This is fantastic. I've implemented OAuth2 4-5 times over the past few years. It seams overly complicated at first, but over time I've come to understand more of the vulnerabilities each piece of complexity exists to mitigate. Every time I've thought I could do it simpler, I eventually discovered a vulnerability in my approach. You get basically all that knowledge here in a concise blog post. This is going to be the first thing I link anyone to if they're interested in learning OAuth.
One gripe from Attack #3[0]:
> The solution is to require Pied Piper to register all possible redirect URIs first. Then, Hooli should refuse to redirect to any other domain.
There's actually a another (better IMO) solution to this problem, though to date it's rarely used. Instead of requiring client registration, you can simply let clients provide their own client_id, with the caveat that it has to be a URI, and a strict prefix of the redirect_uri. Then you can show it to the user so they know exactly where the token is being sent, but you also cut out a huge chunk of complexity from your system. I learned about it here[1].
> Then you can show it to the user so they know exactly where the token is being sent
Unfortunately, most major websites end up hosting an endpoint that will redirect users to a separate URL provided as a query parameter. This means that users may easily be misled about where the token is, in fact, being sent.
Is this true? Do you know of any major ones offhand? That would be surprising to me.
Thanks for sharing [0]. I found its discussion of shared subdomain cookies useful. However, I believe all the vulnerabilities in the OAuth section would be mitigated by using PKCE and not using the implicit flow, even if you leave the open redirect. Am I missing anything there?
As for open redirects in general, it is an important problem. As an authorization server, if you want to protect against clients that might have an open redirect (and as you indicate eventually one will), while still using the simple scheme I mentioned above, I can think of a few options:
1. Require the client_id to exactly match the redirect_uri instead of just a prefix. This is probably the most secure, but can result in ugly client IDs shown to the user, like "example.com/oauth2/callback". Of course clients can control that and make it something prettier if they want.

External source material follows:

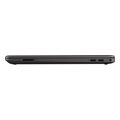 laptop hp omen 16 wd0001nv 161 fhd 165hz intel core i7 13620hx 16gb 1tb rtx4060 w11h gr extra photo 3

2. Strip any query params from the redirect_uri, and document this behavior. That should handle most cases, but it's always possible clients implement an open redirect in the path itself somehow. You could also check for strings like "http", but at some point there's only so much you can do.
3. Require clients to implement client metadata[1], so you can get back to exact string matches for redirect_uri. This is a very new standard, and also doesn't work for localhost clients.
Does that count as an open redirect? It gives a big fat declaration where you're coming from and where you're going to, and requires the user to choose.
I agree some nonzero number of users would click to continue when they shouldn't while doing an OAuth flow. Thanks for the example.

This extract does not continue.